Mirror of the gdb-patches mailing list
 help / color / mirror / Atom feed
From: Jim Blandy <jimb@redhat.com>
To: Neil Booth <neil@daikokuya.demon.co.uk>
Cc: gdb-patches@sources.redhat.com, gcc@gcc.gnu.org
Subject: Re: RFC: C/C++ preprocessor macro support for GDB
Date: Sun, 17 Mar 2002 20:35:00 -0000	[thread overview]
Message-ID: <npbsdmxzla.fsf@zwingli.cygnus.com> (raw)
In-Reply-To: <20020317101938.GA2636@daikokuya.demon.co.uk>


Neil Booth <neil@daikokuya.demon.co.uk> writes:
> What are the issues with using libcpp?  It would be a good test of its
> viability as an independent library to have it used somewhere else.

I think there are two issues.  Both might simply be my
misunderstanding of the libcpp header files and code I read; I'd love
to be set straight.

- GDB has commands like this:

        (gdb) break *ADDRESS if CONDITION

  This sets a conditional breakpoint at the address computed by
  evaluating the expression ADDRESS, whose condition is CONDITION.
  ADDRESS needs to be evaluated in the current scope --- the currently
  selected frame and its PC --- but CONDITION needs to be evaluated in
  the scope in force at the *breakpoint's* address.  So you can't just
  take the whole command and smoosh it through an expander all at
  once: ADDRESS and CONDITION might have totally different contexts,
  as far as the preprocessor is concerned.

  This means you've got to decide if there's an `if' in the command
  before you can macro-expand things.  Obviously, an `if' in a string,
  or as part of a larger identifier, doesn't count --- you really need
  to work in terms of tokens.

  (There's a similar situation involving commas: sometimes the parser
  is supposed to stop when it finds its first comma outside of any
  parens.)

  So my macro expander has the following function in its public
  interface:

    /* If the null-terminated string pointed to by *LEXPTR begins with a
       macro invocation, return the result of expanding that invocation as
       a null-terminated string, and set *LEXPTR to the next character
       after the invocation.  The result is completely expanded; it
       contains no further macro invocations.

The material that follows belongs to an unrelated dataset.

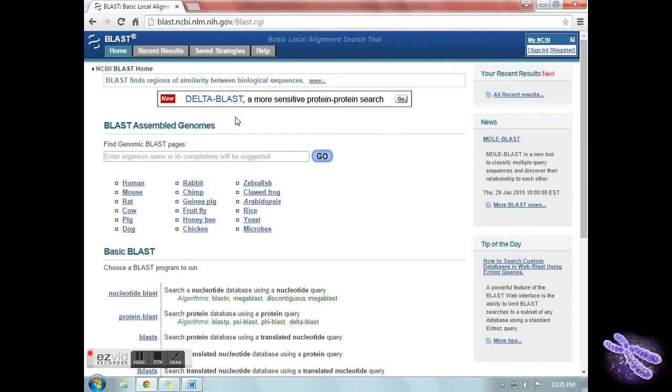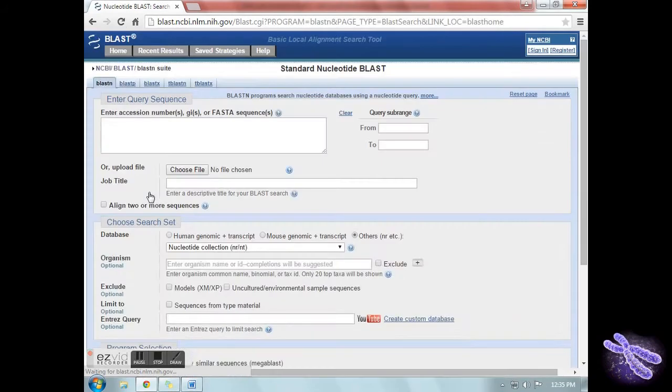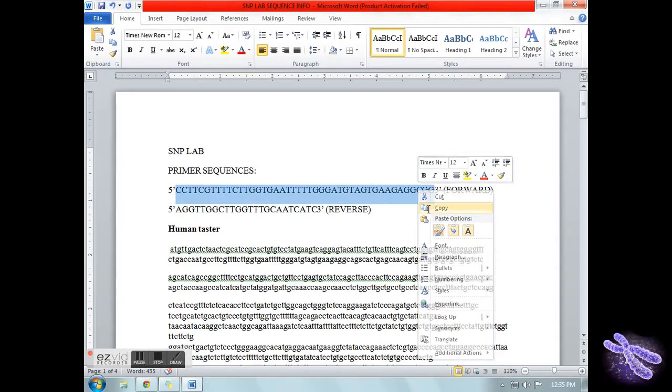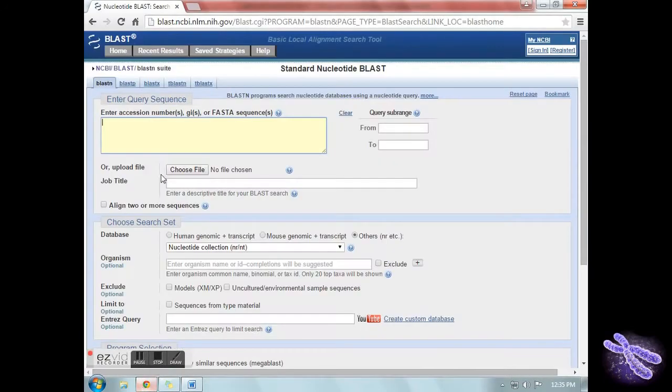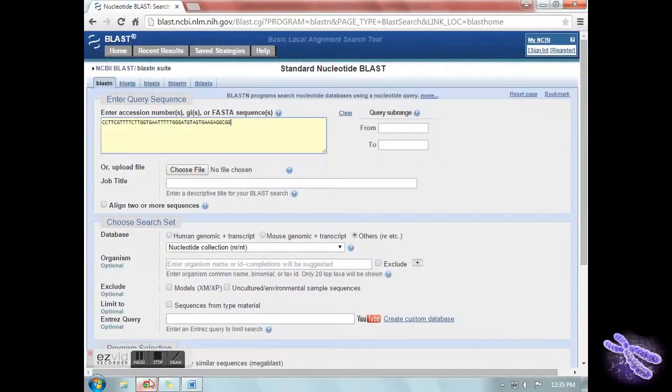Click on Nucleotide BLAST. In the search bar, enter the primer sequence.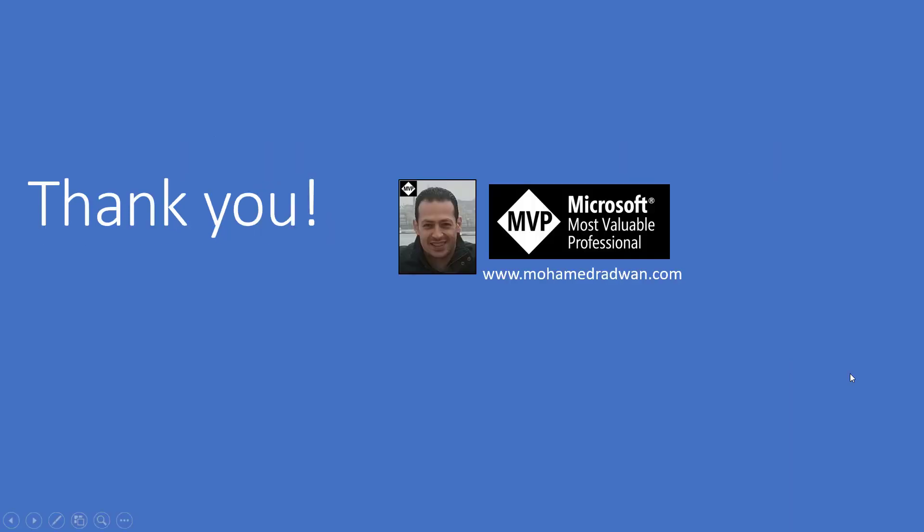At the end, I would like to thank you for watching the video. Please, if you have any questions, don't hesitate to contact me on my blog mohammedradwan.com. You can also visit my blog with the link that will appear at the end of the video or click on the related video, which usually is part of this series or gives you more information about the same topic. Thank you.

       Otherwise, if *LEXPTR does not start with a macro invocation,
       return zero, and leave *LEXPTR unchanged.

       Use LOOKUP_FUNC and LOOKUP_BATON to find macro definitions.

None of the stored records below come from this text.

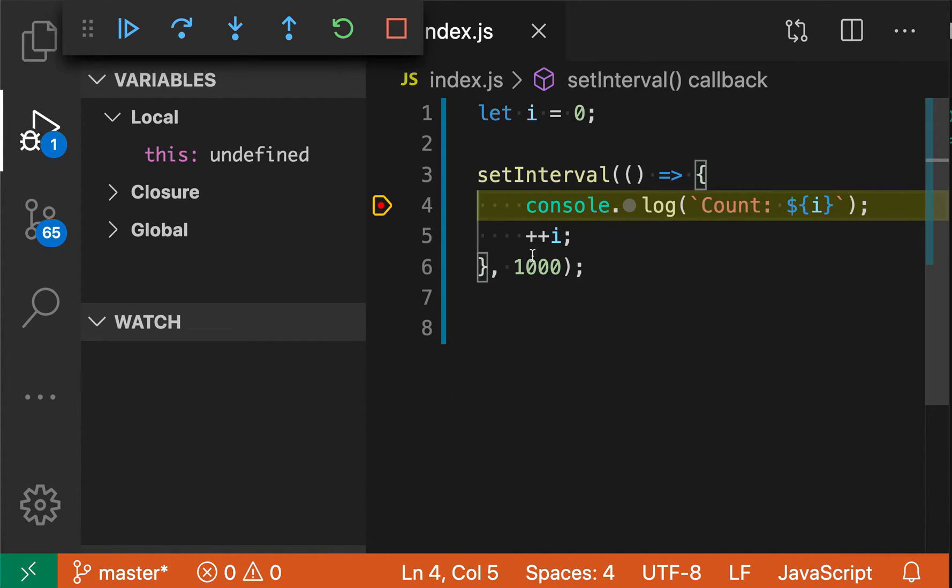Now because this code is being hit every one second as well, you can see that VS Code has hit this breakpoint now, and we are now paused on that breakpoint.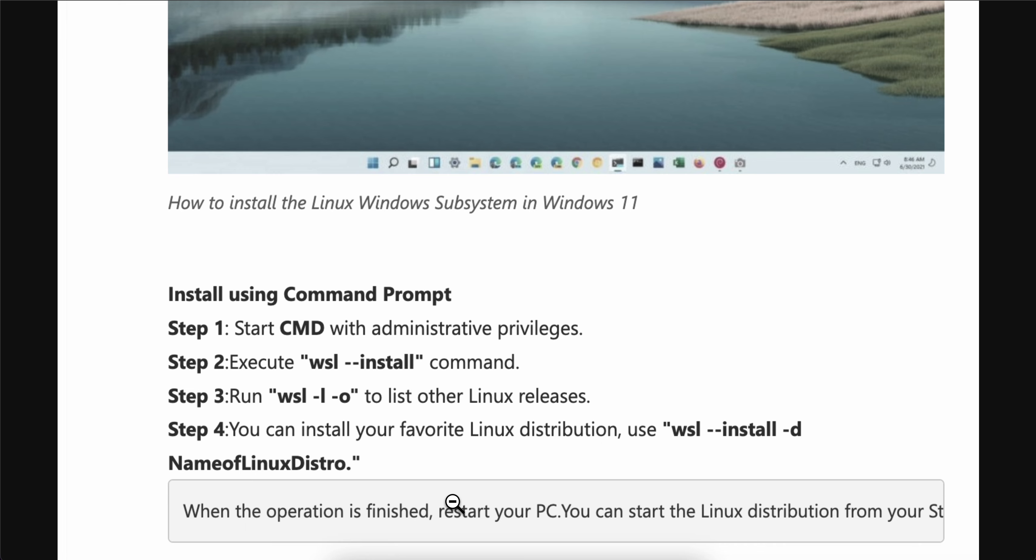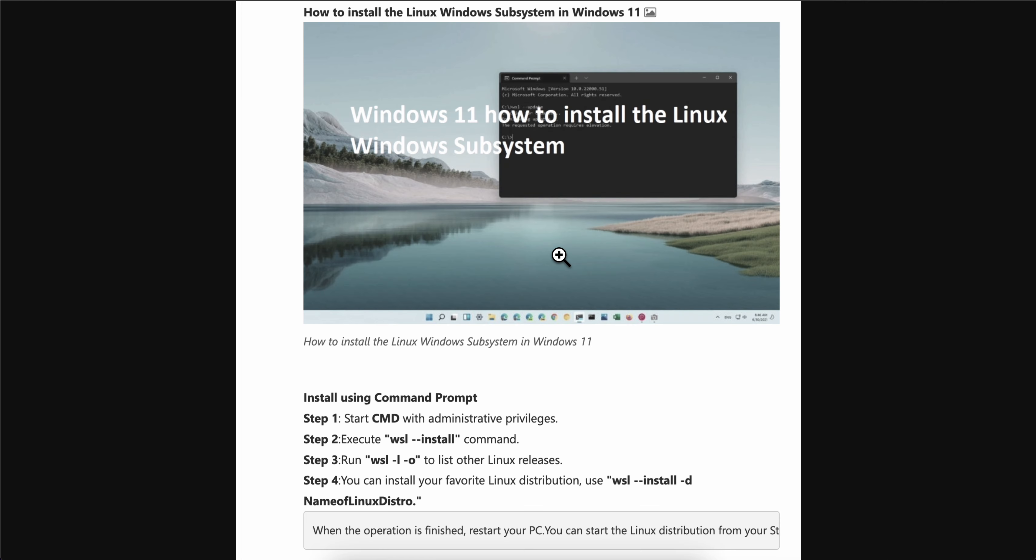You can start using Linux. I really hope you found this video helpful, thanks for watching.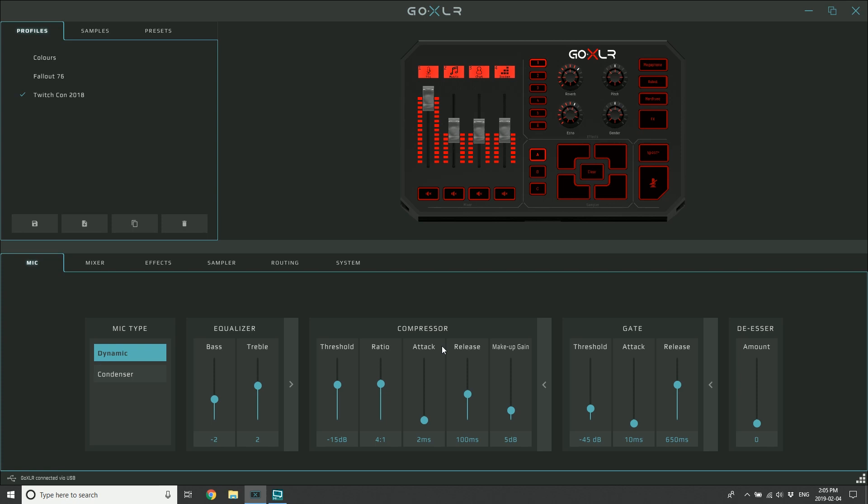Threshold here is the level at which the compression starts to happen, which means as my voice reaches a certain level, the compressor kicks in and starts compressing that dynamic range.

       If this function returns a string, the caller is responsible for
       freeing it, using xfree.

       We need this expand-one-token-at-a-time interface in order to
       accomodate GDB's C expression parser, which may not consume the
       entire string.  When the user enters a command like

          (gdb) break *func+20 if x == 5

       the parser is expected to consume `func+20', and then stop when it
       sees the "if".  But of course, "if" appearing in a character string
       or as part of a larger identifier doesn't count.  So you pretty
       much have to do tokenization to find the end of the string that
       needs to be macro-expanded.  Our C/C++ tokenizer isn't really
       designed to be called by anything but the yacc parser engine.  */
    char *macro_expand_next (char **lexptr,
                             macro_lookup_ftype *lookup_func,
                             void *lookup_baton);

  I changed GDB's lexer to call macro_expand_next before carving out
  each token.  This means we don't have to worry about commas or `if's
  in macro invocations being confused with terminating commas: the
  expander consumes them before we ever see them.

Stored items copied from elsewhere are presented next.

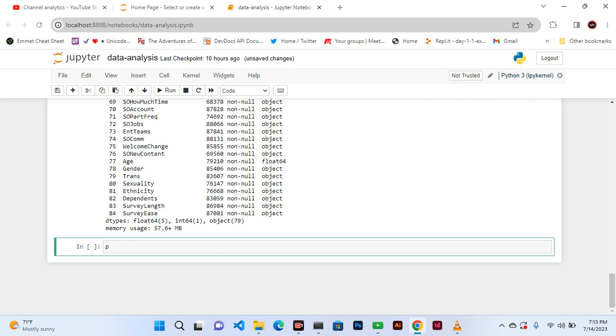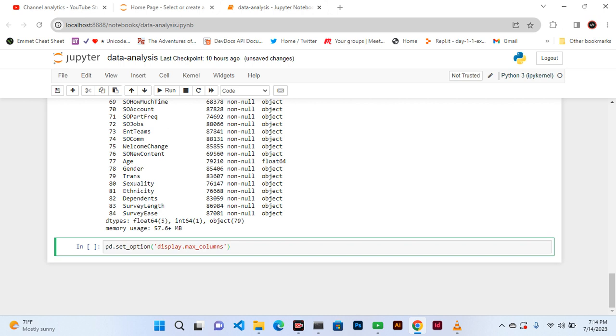Now let's see how we can do that. We say pd.set_option, then we say display.max_column, and then we specify our columns. For our case we want 85, all of them.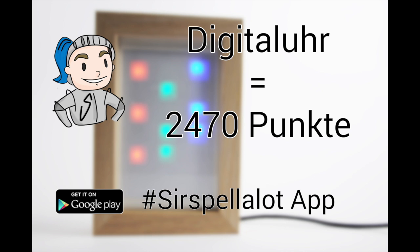By the way, Sir Spell-A-Lot rewards the word Digital-Uhr with 2470 points. Sir Spell-A-Lot is a neat German word puzzling app you can play on your own or challenge your friends with.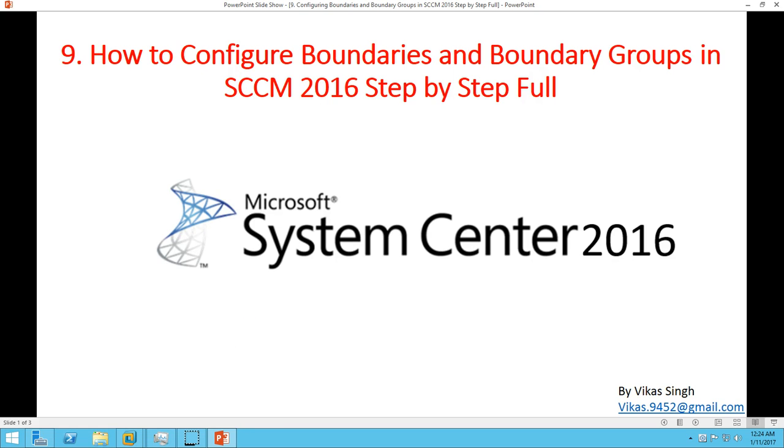Hi friends, welcome to my channel. This is a System Center Configuration Manager 2016 step-by-step tutorial. In this video, I'm going to show you how to configure boundaries and boundary groups in System Center Configuration Manager 2016.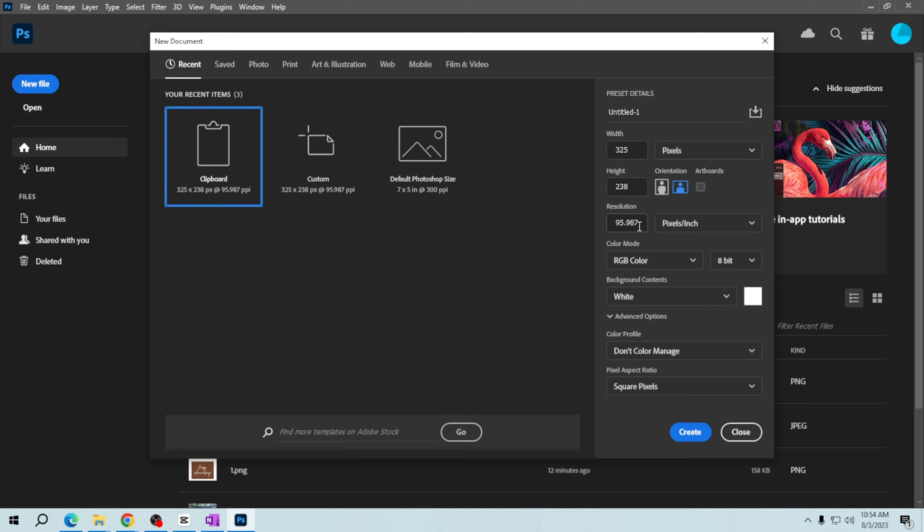Also select the color mode: RGB for digital designs and CMYK for print projects.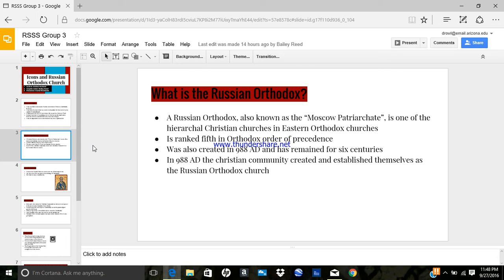Under Vladimir's successors, and until 1448, the Russian church was headed by the metropolitans of Kiev, and formed a metropolitanate of the Byzantine Patriarchate.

  As far as I can tell, libcpp doesn't provide an analogous
  token-by-token entry point.

  Another way to deal with this would be to lex the command string
  twice: once to find the `if' or comma, and then again to do the real
  parsing, after macro-expanding each of the various expressions
  properly.  The only difficulty here is that GDB's lexer expects to
  be called by a yacc-style parsing engine; it deposits tokens'
  semantic values in yylval, etc.  To work around this, we'd need to
  make the lexer independent of yacc --- give it some other way to
  return semantic values, mostly --- and hook that into both yacc and
  the code looking for `if's and commas.  But that approach wouldn't
  require any change to libcpp's interface.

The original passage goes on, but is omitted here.